**Exercise input:**
• • • • •

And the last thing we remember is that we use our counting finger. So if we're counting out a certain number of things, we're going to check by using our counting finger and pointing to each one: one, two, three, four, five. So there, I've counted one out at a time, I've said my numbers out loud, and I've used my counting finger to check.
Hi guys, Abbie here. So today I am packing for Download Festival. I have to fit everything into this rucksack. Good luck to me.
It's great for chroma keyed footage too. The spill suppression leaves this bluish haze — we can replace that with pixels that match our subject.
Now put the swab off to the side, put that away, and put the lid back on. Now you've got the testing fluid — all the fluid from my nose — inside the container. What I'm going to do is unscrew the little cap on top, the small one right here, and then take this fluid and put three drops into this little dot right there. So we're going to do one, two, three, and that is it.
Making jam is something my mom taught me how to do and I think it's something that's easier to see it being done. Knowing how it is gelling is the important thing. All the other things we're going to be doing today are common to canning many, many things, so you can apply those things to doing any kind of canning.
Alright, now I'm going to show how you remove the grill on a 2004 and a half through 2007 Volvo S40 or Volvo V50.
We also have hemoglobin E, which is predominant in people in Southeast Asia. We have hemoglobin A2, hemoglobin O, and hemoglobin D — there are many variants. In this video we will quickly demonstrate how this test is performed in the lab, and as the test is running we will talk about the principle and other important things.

• • • • •

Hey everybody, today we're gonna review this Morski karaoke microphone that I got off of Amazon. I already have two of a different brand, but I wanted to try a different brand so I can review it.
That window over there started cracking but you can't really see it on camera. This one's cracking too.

• • • • •

**Work task:** Starting with the line above that holds "And the last" and stopping with the line that holds "We also have", reproduce each line exactly, omitting all other lines.

**Answer box:**
And the last thing we remember is that we use our counting finger. So if we're counting out a certain number of things, we're going to check by using our counting finger and pointing to each one: one, two, three, four, five. So there, I've counted one out at a time, I've said my numbers out loud, and I've used my counting finger to check.
Hi guys, Abbie here. So today I am packing for Download Festival. I have to fit everything into this rucksack. Good luck to me.
It's great for chroma keyed footage too. The spill suppression leaves this bluish haze — we can replace that with pixels that match our subject.
Now put the swab off to the side, put that away, and put the lid back on. Now you've got the testing fluid — all the fluid from my nose — inside the container. What I'm going to do is unscrew the little cap on top, the small one right here, and then take this fluid and put three drops into this little dot right there. So we're going to do one, two, three, and that is it.
Making jam is something my mom taught me how to do and I think it's something that's easier to see it being done. Knowing how it is gelling is the important thing. All the other things we're going to be doing today are common to canning many, many things, so you can apply those things to doing any kind of canning.
Alright, now I'm going to show how you remove the grill on a 2004 and a half through 2007 Volvo S40 or Volvo V50.
We also have hemoglobin E, which is predominant in people in Southeast Asia. We have hemoglobin A2, hemoglobin O, and hemoglobin D — there are many variants. In this video we will quickly demonstrate how this test is performed in the lab, and as the test is running we will talk about the principle and other important things.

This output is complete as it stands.